Assim, vivi, e assim morri. E agora que estou morto, puseram-me aqui tão alto que posso ver toda a tristeza e toda a miséria da minha cidade. E embora o meu coração seja de chumbo, não posso deixar de chorar.
Ao longe, continuou a estátua numa voz baixa e musical, ali ao longe, numa rua pequena, está uma casa pobre. Uma das janelas está aberta e por ela vejo uma mulher sentada a uma mesa. Num canto do quarto, numa cama, está o seu filho doente. Tem febre e pede laranjas. Mas a sua mãe apenas lhe pode dar água do rio, e por isso ele chora. Andorinha, Andorinha, minha Andorinha, levas-lhe o rubi que se encontra na minha bainha? Os meus pés estão presos a este pedestal e não posso sair daqui.»
E a Andorinha lá entrou e pousou o grande rubi na mesa, junto do dedal da mulher.
«Andorinha, Andorinha, minha Andorinha,» disse o Príncipe, «lá ao longe, no outro extremo da cidade, vejo um jovem num sótão.
Ele está a tentar acabar uma peça para o Director do Teatro, mas está demasiado frio e ele já não consegue escrever mais. Já não há lenha na lareira, e a fome até o fez desmaiar.»
«Ficarei contigo mais uma noite,» disse a Andorinha que, no fundo, tinha bom coração. «Queres que lhe leve outro rubi?»
«Ai! Infelizmente já não tenho mais rubis,» respondeu o Príncipe: «os meus olhos são tudo o que me resta. São feitos de safiras raras, que foram trazidas da índia há mil anos. Tira uma delas e leva-lha. Ele vendê-la-á ao ourives, e com o dinheiro que conseguir comprará lenha e acabará a sua peça.»
«Naquela praça,» respondeu o Príncipe Feliz, «está uma pequena vendedora de fósforos. Ela deixou cair os fósforos na sarjeta e eles estragaram-se. O pai dela bater-lhe-á se ela regressar a casa sem dinheiro, e é por isso que ela está a chorar. Ela está descalça, sem sapatos e sem meias, e não tem nada que proteja a sua cabeça. Arranca o meu outro olho, dá-lho, e assim o pai dela não lhe baterá.»
«Ficarei contigo mais algum tempo,» disse a Andorinha, «mas não arrancarei o teu olho. Assim ficarás completamente cego.»
«Andorinha, Andorinha, minha Andorinha,» retorquiu o Príncipe, «faz o que te digo.» (...)

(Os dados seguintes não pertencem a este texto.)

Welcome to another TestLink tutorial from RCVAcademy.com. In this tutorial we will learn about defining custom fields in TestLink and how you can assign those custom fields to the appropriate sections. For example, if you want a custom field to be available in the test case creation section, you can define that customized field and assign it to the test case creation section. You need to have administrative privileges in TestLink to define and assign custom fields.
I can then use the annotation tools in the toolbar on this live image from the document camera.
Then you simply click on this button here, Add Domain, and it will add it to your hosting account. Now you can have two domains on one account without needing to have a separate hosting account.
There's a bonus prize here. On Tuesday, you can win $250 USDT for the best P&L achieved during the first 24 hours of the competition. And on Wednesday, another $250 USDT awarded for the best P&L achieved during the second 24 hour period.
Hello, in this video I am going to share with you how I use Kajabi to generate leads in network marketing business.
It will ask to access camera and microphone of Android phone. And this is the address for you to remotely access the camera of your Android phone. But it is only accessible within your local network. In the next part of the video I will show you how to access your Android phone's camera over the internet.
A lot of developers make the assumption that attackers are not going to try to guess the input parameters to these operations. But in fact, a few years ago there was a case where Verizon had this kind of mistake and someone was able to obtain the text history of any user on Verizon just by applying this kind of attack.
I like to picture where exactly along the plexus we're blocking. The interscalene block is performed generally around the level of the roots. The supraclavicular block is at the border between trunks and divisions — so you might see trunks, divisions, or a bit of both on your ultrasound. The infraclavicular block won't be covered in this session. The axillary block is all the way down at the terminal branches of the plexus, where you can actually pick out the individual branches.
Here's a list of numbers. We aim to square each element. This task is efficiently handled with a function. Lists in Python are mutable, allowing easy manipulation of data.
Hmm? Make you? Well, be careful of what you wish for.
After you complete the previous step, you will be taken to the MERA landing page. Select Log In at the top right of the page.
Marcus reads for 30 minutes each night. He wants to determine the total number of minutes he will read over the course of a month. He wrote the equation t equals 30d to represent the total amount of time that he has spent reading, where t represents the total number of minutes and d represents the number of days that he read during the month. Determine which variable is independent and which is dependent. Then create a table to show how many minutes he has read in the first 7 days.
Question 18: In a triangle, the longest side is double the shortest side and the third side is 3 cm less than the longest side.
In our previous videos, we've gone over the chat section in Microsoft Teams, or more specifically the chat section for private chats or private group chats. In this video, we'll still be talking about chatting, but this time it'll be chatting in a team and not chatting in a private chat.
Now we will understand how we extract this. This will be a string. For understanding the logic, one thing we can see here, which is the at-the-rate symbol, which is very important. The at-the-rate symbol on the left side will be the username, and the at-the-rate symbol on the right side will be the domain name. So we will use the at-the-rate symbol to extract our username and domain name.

«Querida Andorinha,» disse o Príncipe, «falas-me de coisas espantosas, mas o mais espantoso de tudo é o sofrimento dos homens e das mulheres. Não existe um Mistério tão grande como a infelicidade. Voa sobre a minha cidade, Andorinha, e diz-me o que vês.»
E a Andorinha voou então por sobre a grande cidade e viu como os ricos se divertiam nas suas casas enquanto os mendigos permaneciam sentados aos portões. Voou até às mais escuras vielas e viu os rostos lívidos das crianças esfaimadas, que olhavam fixamente as negras ruas. Por baixo do arco de uma ponte, dois rapazinhos estavam deitados, abraçados um ao outro tentando manter-se quentes. «Temos tanta fome!» exclamaram. «Não podem ficar aqui!» gritou o guarda nocturno, e lá foram eles para o meio da chuva.
E a Andorinha voltou e contou ao Príncipe o que tinha visto.
«Estou coberto com puro ouro», disse o Principe, «arranca-o, folha a folha, e dá-o aos meus pobres; os vivos estão convencidos de que o ouro traz a felicidade.»
E a andorinha arrancou folha por folha daquele ouro puro, até que por fim o Príncipe Feliz acabou por ficar cinzento e feio. Folha por folha daquele ouro puro a Andorinha levou aos pobres da cidade, e as caras das crianças ficaram mais rosadas, e elas brincavam e dançavam nas ruas e gritavam «agora temos pão!».
Na manhã seguinte, bem cedinho, o Prefeito passeava pela praça na companhia dos vereadores. Quando passaram pelo pedestal, ele olhou para cima: «Valha-me Deus! Que feio que está o Príncipe Feliz!»
A estátua foi então derretida numa fornalha.